Data to process START

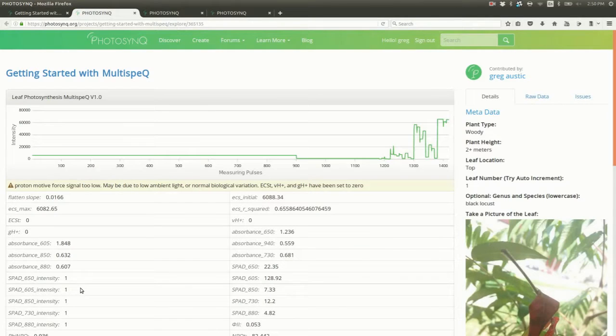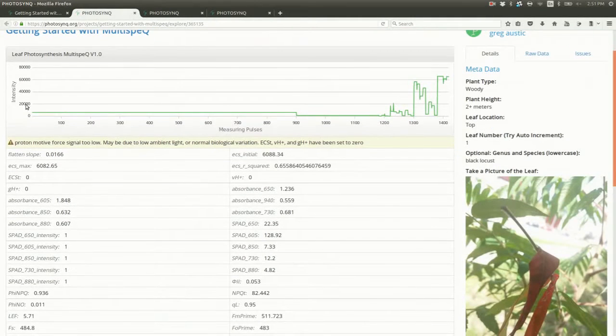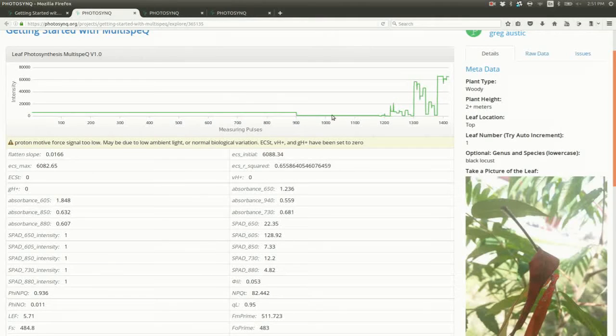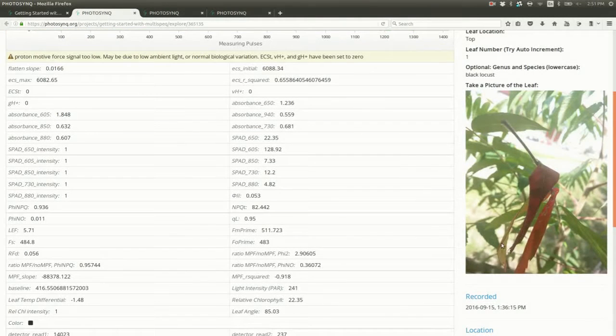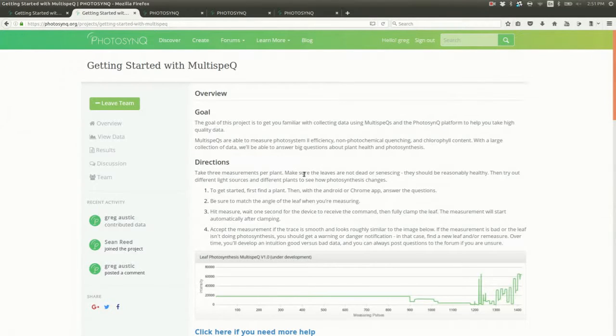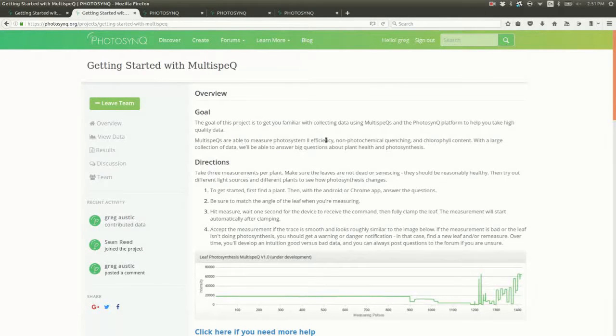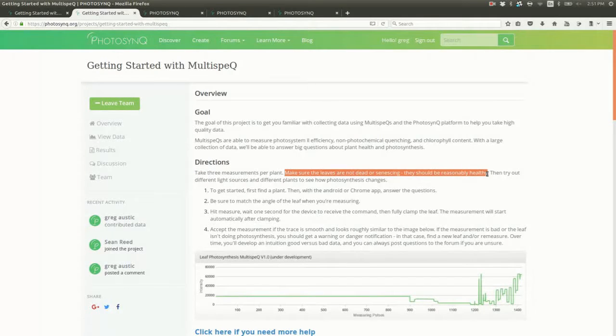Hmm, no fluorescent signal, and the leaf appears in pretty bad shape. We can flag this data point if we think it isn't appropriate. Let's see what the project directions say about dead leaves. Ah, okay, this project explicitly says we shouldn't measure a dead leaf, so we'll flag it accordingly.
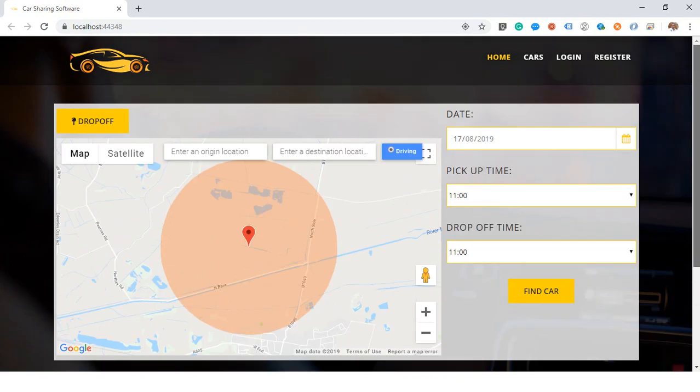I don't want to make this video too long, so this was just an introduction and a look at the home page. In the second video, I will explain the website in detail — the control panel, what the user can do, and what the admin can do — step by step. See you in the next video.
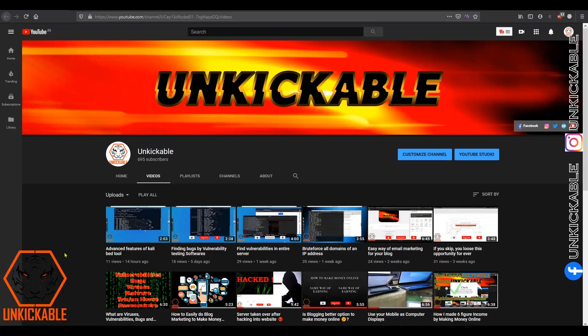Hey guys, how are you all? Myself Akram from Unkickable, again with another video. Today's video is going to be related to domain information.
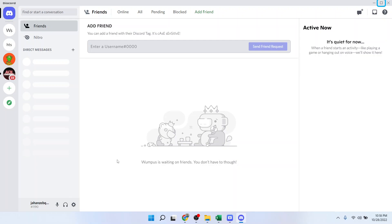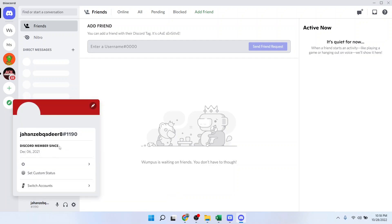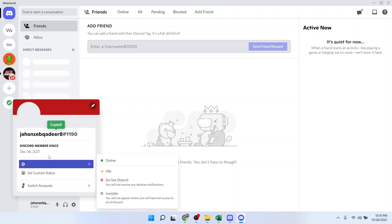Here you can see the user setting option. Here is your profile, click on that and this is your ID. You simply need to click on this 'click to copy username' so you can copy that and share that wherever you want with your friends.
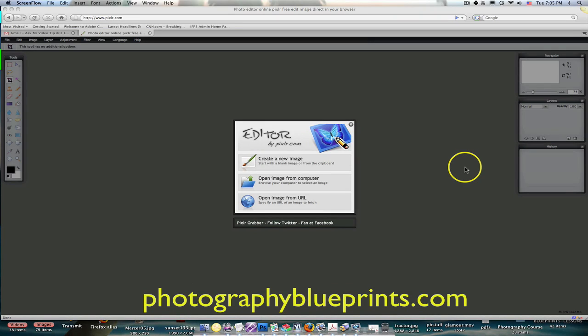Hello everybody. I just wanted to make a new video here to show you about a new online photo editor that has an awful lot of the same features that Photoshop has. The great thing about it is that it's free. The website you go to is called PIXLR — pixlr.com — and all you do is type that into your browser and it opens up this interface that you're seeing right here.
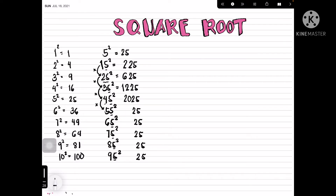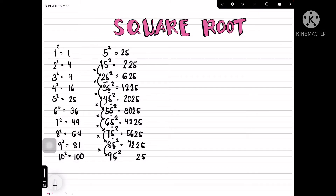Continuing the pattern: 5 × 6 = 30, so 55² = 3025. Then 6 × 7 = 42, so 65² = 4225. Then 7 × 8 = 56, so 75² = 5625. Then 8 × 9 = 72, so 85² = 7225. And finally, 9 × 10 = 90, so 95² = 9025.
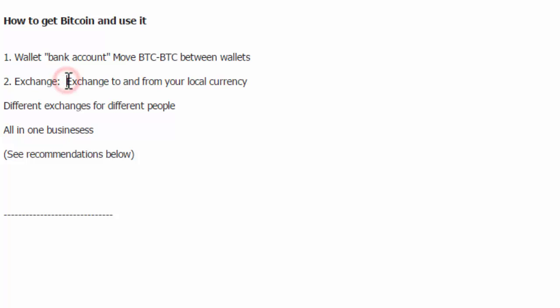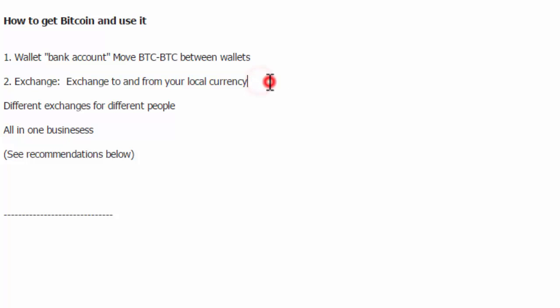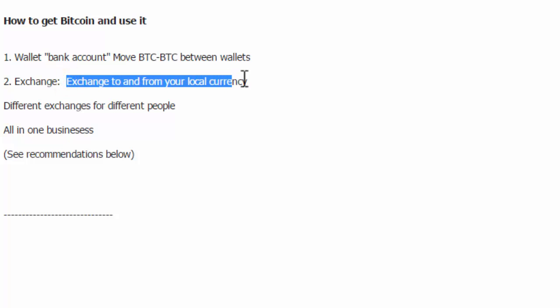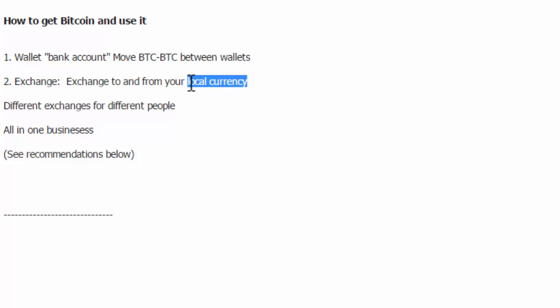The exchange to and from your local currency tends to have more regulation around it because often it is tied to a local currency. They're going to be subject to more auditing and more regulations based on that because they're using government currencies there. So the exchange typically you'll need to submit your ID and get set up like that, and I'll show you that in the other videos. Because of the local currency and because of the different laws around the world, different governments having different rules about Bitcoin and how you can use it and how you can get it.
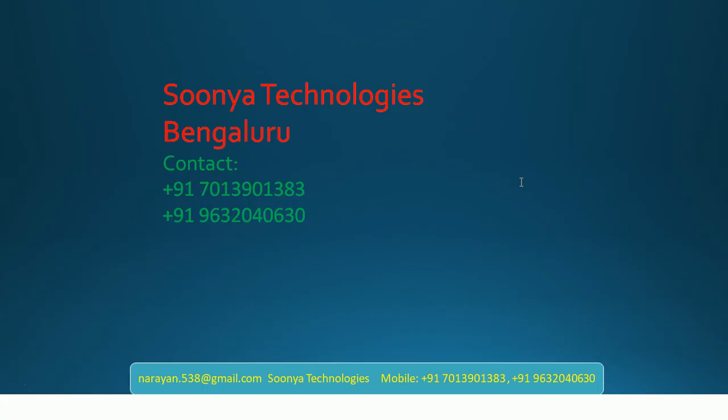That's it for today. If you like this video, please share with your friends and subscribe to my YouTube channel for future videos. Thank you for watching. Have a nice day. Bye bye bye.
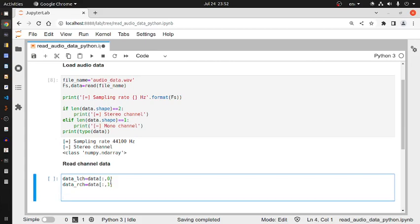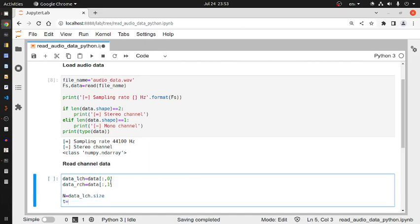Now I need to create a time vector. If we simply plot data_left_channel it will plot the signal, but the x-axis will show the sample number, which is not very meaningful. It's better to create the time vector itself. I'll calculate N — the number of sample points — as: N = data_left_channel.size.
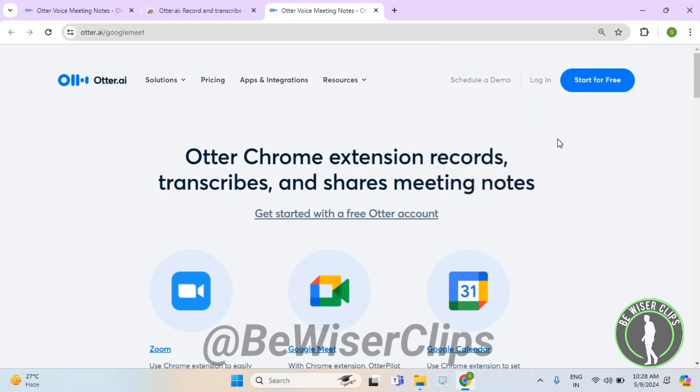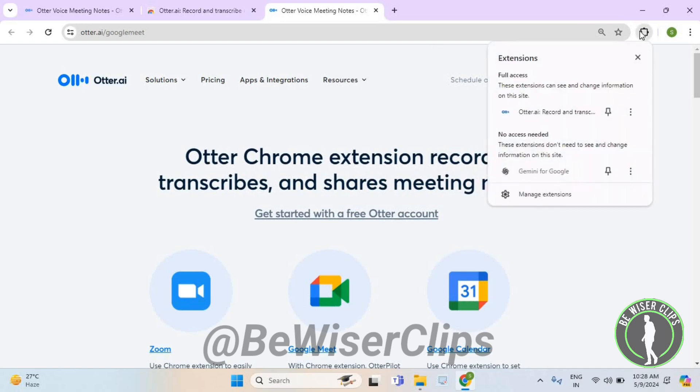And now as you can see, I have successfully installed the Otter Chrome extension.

Data to process END
Data to process START

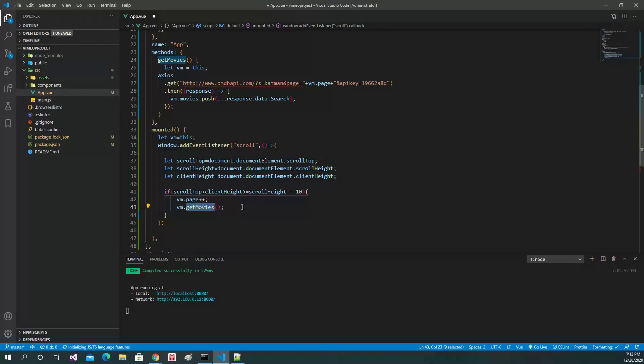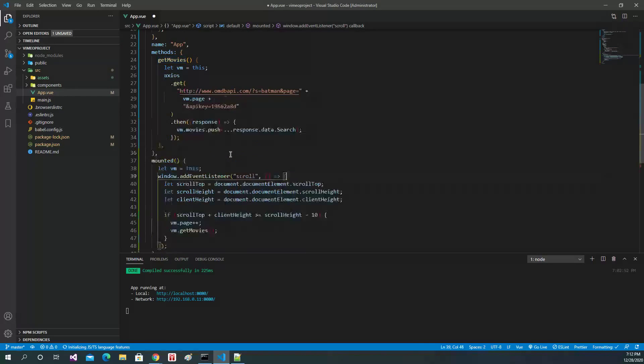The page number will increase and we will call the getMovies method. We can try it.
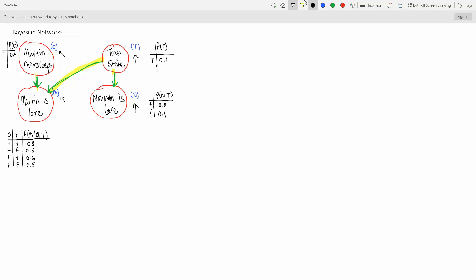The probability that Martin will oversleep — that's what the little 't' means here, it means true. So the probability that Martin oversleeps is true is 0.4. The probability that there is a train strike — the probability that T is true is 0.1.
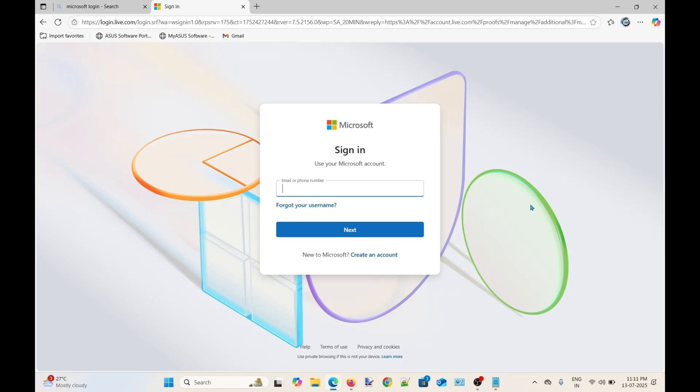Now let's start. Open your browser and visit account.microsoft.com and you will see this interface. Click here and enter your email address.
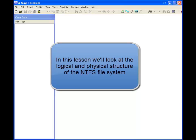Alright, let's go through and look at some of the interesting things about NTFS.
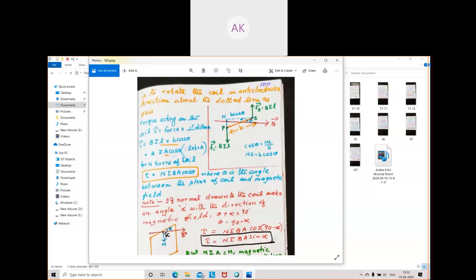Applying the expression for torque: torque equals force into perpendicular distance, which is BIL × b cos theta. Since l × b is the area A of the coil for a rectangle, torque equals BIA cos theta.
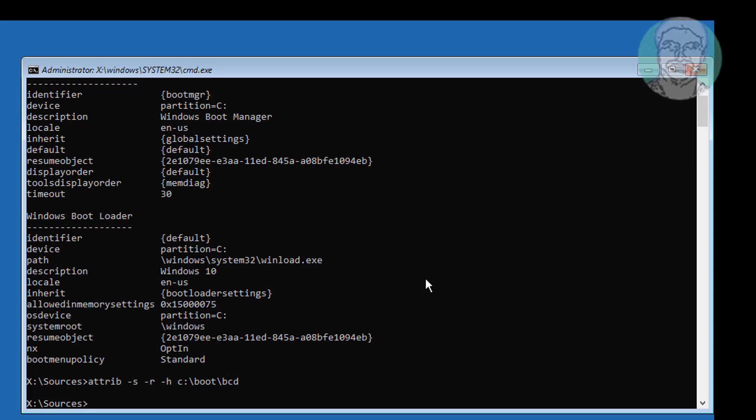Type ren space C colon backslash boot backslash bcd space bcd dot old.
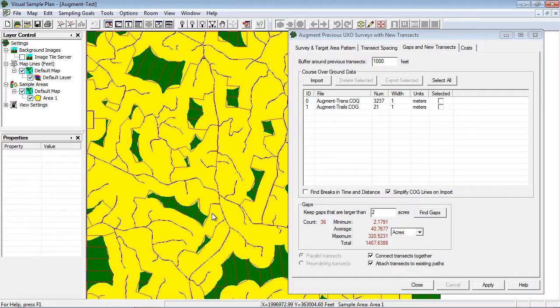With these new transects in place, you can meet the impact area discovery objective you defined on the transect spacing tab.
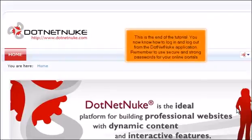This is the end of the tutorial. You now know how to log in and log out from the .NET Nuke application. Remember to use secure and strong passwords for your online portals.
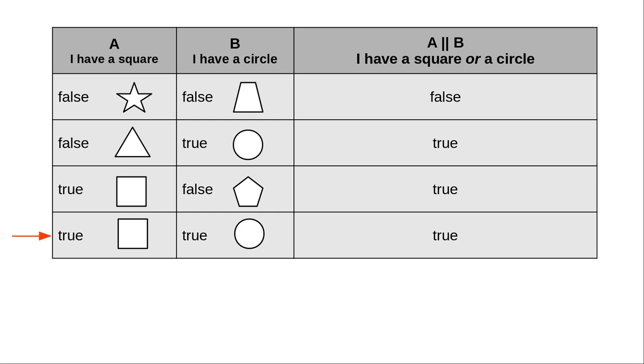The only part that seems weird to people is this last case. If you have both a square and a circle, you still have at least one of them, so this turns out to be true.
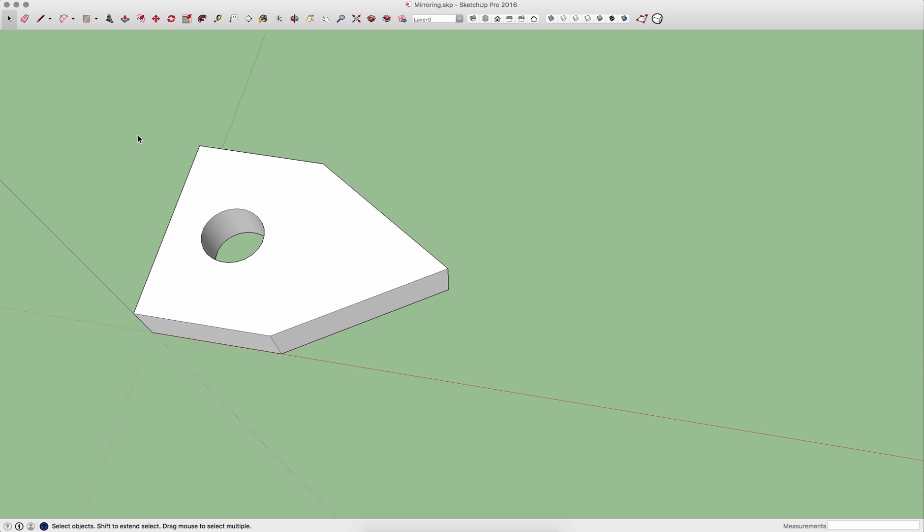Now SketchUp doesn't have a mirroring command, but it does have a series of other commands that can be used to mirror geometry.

Data to process END
Data to process START

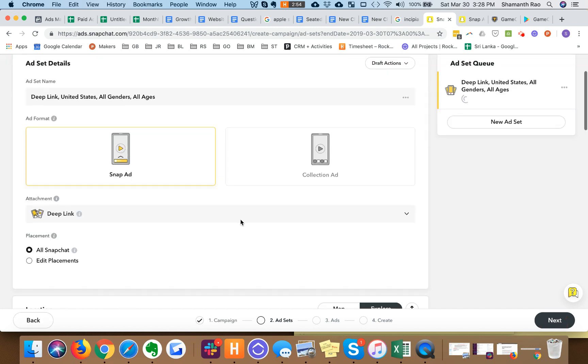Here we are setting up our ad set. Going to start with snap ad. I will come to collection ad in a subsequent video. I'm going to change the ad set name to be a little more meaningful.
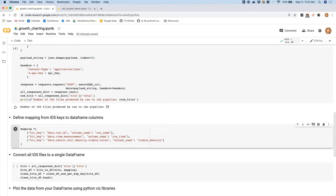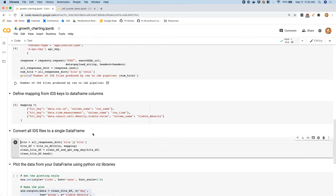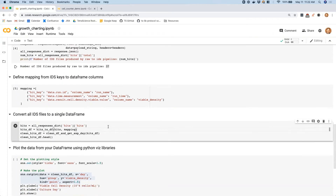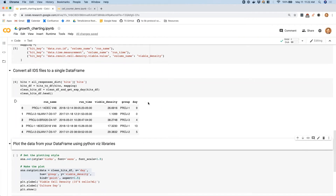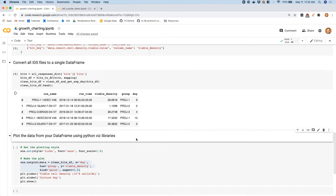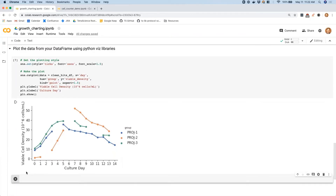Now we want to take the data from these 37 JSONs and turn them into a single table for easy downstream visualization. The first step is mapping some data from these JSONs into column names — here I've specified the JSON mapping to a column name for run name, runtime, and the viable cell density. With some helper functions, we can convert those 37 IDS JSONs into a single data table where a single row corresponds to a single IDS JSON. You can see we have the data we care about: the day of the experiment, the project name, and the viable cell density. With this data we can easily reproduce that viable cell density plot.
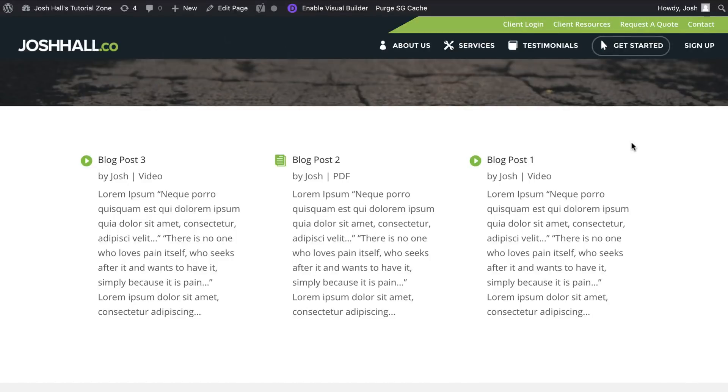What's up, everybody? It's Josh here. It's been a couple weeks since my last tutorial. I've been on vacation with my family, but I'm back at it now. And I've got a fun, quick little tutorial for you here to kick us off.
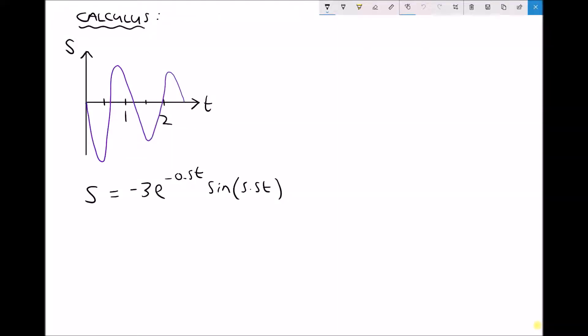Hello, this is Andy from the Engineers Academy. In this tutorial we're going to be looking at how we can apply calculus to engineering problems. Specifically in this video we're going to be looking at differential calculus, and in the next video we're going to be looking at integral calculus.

Data to process END

- [What you should do] Starting at the line that contains "Type ren space" and ending at the line that contains "Now SketchUp doesn't", transcribe the material above exactly, excluding pictures.

- [Exercise answer]
Type ren space C colon backslash boot backslash bcd space bcd dot old.
With these new transects in place, you can meet the impact area discovery objective you defined on the transect spacing tab.
This is the end of the tutorial. You now know how to log in and log out from the .NET Nuke application. Remember to use secure and strong passwords for your online portals.
The only part that seems weird to people is this last case. If you have both a square and a circle, you still have at least one of them, so this turns out to be true.
Now SketchUp doesn't have a mirroring command, but it does have a series of other commands that can be used to mirror geometry.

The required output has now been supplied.